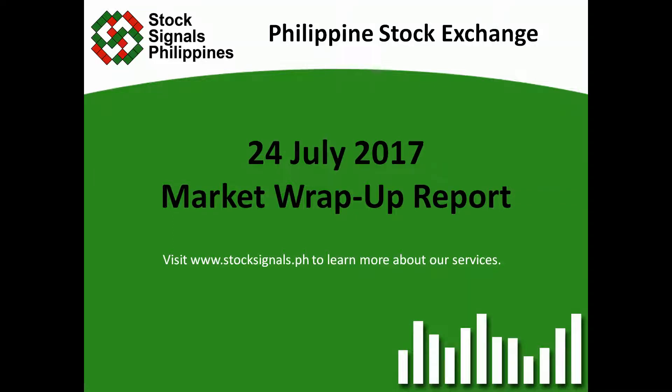Hi everyone, this is Stocks in North Philippines teaching you how to trade and invest in the Philippine stock market independently.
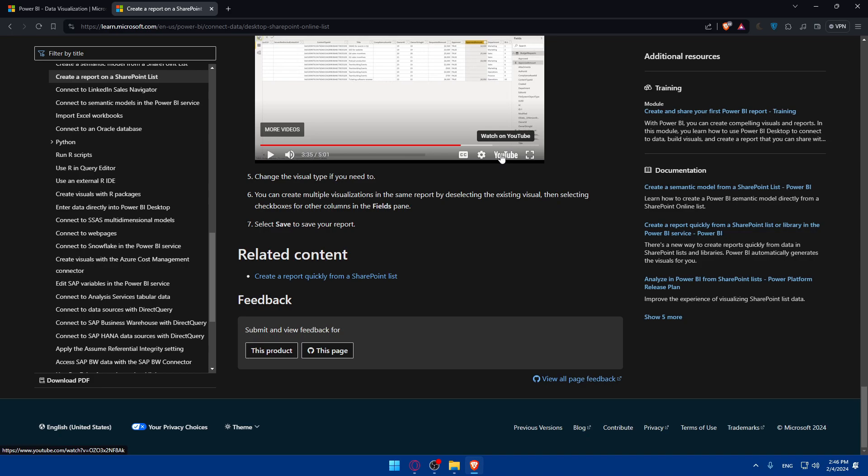There you have it — you now know how to connect Power BI with SharePoint in 2024. You can harness the analytical power of Power BI to gain insights from your SharePoint data. If you have any questions or a specific topic you'd like me to cover in the next tutorial, drop it in the comments below. Thank you for watching and I'll see you in the next video.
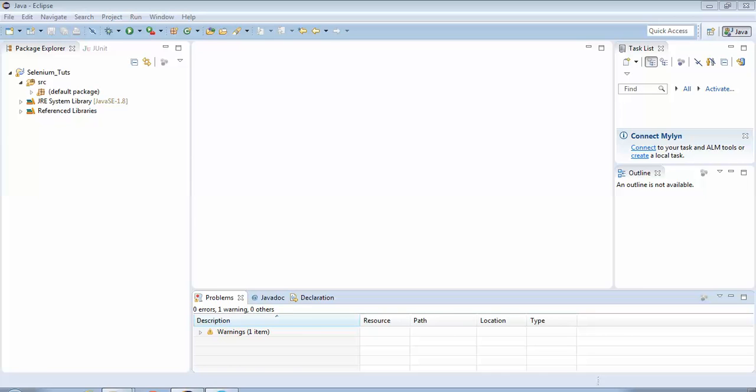Hello friends, welcome to the Selenium tutorials. Up till now we have seen certain operations performed on the browser, like how to open the browser, how to maximize it, how to fetch the title of the browser window. We saw examples of these using Java through the Eclipse editor.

# [TASK DIRECTIONS]
Could you write out the whole listing exactly, skipping every picture?

# [RESPONSE TO THIS EXERCISE]
Hi everyone, this is Stocks in North Philippines teaching you how to trade and invest in the Philippine stock market independently.
There you have it — you now know how to connect Power BI with SharePoint in 2024. You can harness the analytical power of Power BI to gain insights from your SharePoint data. If you have any questions or a specific topic you'd like me to cover in the next tutorial, drop it in the comments below. Thank you for watching and I'll see you in the next video.
Hello friends, welcome to the Selenium tutorials. Up till now we have seen certain operations performed on the browser, like how to open the browser, how to maximize it, how to fetch the title of the browser window. We saw examples of these using Java through the Eclipse editor.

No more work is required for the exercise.